DISCUSSION
This study used data of farm-level technical and economic factors to obtain insight into factors that might be associated with the use of antibiotics on pig farms in the Netherlands. The data set included pig farms that take part in LEI FADN data collection as well as additional data collection on animal medicines, with LEI FADN farms considered representative for all farms in the Netherlands. Based on the 2 selected sets of farm factors, the study (sub)sample was representative for the entire LEI FADN sample of pig farms. The main advantage of this study is that it used real-life data collected on private farms, mostly based on farm accounts, and thus not subject to recording bias.
Antibiotics vary in their potency and pharmokinetic properties, and this is manifested in varying dosages per kilogram of BW. The measurement unit used in this study, NDDi, is suitable for calculating total exposure of pigs to different antibiotics, and making comparisons, for example, between groups of pigs. This unit conforms to international developments in this field and developments in the human sector (Mevius et al., 2007). Other measurement units to quantify antibiotic usage, such as number of treatment days or associated costs, are used. Different measurement units have shown to give different results, highlighting the importance of choosing the right measurement unit (Chauvin et al., 2008). For the aim of the current study (i.e., the selection of farm factors that are associated with the use of antibiotics, NDDi) was considered most appropriate. When the antibiotic treatments themselves are studied in more depth, including the characterization of different classes of antibiotics and their trends in time, other measurement units may be chosen. The NDDi of antibiotics is expressed per average pig present on the farm. This theoretical pig, representing an average pig (having an average BW) that is present on the farm the entire year, receives antibiotics for the specific number of days. For the sow farms, average daily dosages were expressed per average piglet present on the farms since birth, considering the orally given antibiotics only.
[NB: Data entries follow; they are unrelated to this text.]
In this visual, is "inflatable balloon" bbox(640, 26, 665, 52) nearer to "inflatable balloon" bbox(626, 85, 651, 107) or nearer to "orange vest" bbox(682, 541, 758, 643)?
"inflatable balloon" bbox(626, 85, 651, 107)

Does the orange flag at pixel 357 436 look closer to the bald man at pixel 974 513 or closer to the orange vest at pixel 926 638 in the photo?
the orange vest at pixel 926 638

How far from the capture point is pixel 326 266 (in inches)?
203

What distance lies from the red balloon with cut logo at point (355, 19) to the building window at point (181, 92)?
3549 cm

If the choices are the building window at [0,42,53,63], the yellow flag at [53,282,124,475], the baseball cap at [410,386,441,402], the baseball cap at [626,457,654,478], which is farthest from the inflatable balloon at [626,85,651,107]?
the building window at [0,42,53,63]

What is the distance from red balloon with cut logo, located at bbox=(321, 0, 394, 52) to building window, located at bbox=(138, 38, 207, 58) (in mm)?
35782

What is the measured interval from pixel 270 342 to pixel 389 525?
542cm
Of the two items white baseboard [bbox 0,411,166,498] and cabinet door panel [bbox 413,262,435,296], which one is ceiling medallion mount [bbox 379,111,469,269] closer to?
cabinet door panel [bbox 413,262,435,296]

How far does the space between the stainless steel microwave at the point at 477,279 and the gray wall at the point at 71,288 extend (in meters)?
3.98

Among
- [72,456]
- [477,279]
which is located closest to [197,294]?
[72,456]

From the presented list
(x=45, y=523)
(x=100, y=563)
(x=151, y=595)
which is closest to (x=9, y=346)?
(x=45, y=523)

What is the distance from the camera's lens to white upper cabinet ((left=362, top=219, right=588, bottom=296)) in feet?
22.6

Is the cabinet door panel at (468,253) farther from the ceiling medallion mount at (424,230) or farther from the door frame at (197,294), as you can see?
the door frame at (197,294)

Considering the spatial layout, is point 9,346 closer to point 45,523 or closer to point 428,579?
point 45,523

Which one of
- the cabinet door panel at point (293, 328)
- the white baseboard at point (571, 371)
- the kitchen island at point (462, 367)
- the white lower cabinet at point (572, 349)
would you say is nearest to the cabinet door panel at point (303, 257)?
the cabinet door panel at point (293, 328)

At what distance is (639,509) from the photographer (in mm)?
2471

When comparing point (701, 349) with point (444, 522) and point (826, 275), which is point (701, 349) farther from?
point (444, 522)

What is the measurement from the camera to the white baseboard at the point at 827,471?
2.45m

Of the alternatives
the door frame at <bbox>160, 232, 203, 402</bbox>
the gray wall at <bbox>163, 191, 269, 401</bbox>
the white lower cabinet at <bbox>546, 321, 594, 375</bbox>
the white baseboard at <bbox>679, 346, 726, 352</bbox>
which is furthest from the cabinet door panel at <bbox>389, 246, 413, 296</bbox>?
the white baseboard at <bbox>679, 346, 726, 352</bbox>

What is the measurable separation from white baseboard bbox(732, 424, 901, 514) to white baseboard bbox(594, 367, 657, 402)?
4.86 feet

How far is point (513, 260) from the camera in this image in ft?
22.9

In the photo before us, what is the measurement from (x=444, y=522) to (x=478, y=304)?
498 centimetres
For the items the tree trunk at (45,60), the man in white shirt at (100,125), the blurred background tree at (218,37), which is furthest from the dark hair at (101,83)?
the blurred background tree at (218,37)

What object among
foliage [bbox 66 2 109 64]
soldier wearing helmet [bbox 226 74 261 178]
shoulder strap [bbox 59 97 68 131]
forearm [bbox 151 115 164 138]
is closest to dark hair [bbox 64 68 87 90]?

As oral administration to sows is negligible and the piglets are sometimes also treated with injectable antibiotics, this number may have given an underestimation to the true antibiotic treatment of piglets. Obviously, the average piglet present is theoretical as piglets will not stay on the farm the entire year. The average number of dosages for the true period a piglet is present on the farm can be calculated from this average NDD2. For example, an average of 130 daily dosages per average piglet (overall average NDD2 found in this study) implies that a piglet that is present on the farm for 60 d receives, on average, antibiotics on 21.4 d (35.6% of the period).
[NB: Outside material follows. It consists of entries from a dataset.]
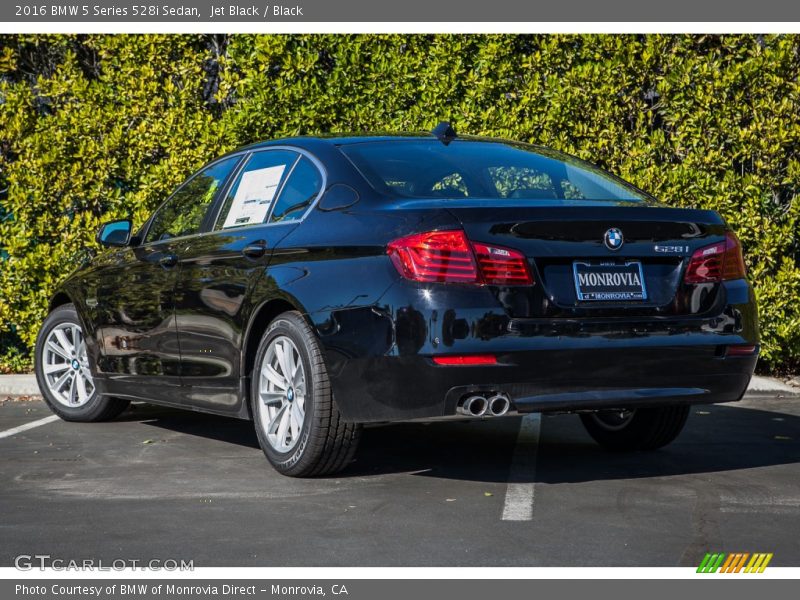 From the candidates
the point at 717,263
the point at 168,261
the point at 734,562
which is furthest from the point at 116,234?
the point at 734,562

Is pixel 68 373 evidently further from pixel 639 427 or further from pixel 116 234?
pixel 639 427

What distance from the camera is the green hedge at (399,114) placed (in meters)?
10.7

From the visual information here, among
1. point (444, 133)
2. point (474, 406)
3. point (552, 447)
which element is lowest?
point (552, 447)

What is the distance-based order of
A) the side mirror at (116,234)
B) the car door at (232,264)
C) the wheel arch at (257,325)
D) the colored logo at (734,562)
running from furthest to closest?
the side mirror at (116,234) → the car door at (232,264) → the wheel arch at (257,325) → the colored logo at (734,562)

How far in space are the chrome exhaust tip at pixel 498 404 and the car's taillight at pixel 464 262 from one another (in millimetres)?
484

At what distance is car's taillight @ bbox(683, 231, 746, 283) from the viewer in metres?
6.14

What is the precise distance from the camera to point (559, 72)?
11117 millimetres

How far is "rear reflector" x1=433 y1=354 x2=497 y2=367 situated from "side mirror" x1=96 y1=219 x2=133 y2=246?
3.17 metres

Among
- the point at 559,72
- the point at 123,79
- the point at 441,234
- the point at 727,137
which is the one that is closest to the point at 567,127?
the point at 559,72

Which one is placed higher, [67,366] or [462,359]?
[462,359]

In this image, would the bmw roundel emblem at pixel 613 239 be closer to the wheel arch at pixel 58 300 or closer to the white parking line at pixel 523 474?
the white parking line at pixel 523 474

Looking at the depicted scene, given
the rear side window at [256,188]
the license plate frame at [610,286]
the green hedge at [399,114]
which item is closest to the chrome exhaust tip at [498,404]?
the license plate frame at [610,286]

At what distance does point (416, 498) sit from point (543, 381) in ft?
2.67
This study showed that, both on the fattening pig and sow farms, NDDi increased from 2004 to 2006. Corrected for other effects, this increase was nearly 4 daily dosages per animal at the fattening pig farms and about 23 daily dosages per average piglet present on the sow farms (an entire year). As compared with 2006, NDDi decreased in 2007, reaching the level of 2005 at the fattening pig farms, and the level of 2004 at the sow farms (Tables 3 and 4). For the pig fattening farms, this finding is in contrary to Mevius et al. (2007) reporting an increase of antibiotic use of 4.5 daily dosages per pig year from 2006 toward 2007. The authors attributed this finding to the prohibition of the use of antimicrobial growth promoters (AMGP) in The European Union in 2006. Reduced use of AMGP might increase pig diseases leading to an increased use of therapeutic antibiotics (Casewell et al., 2003). This is supported by findings from Scandinavia, where a temporary increase in antibiotic treatments for clinical disease, mainly diarrhea after weaning, was found after introduction of the ban for AMGP (Bengtsson and Wierup, 2006; Møller Jensen, 2006; Vigre et al., 2008). This study showed that also in the Netherlands, the increase in the use of antibiotics was temporary, lasting during the year 2006.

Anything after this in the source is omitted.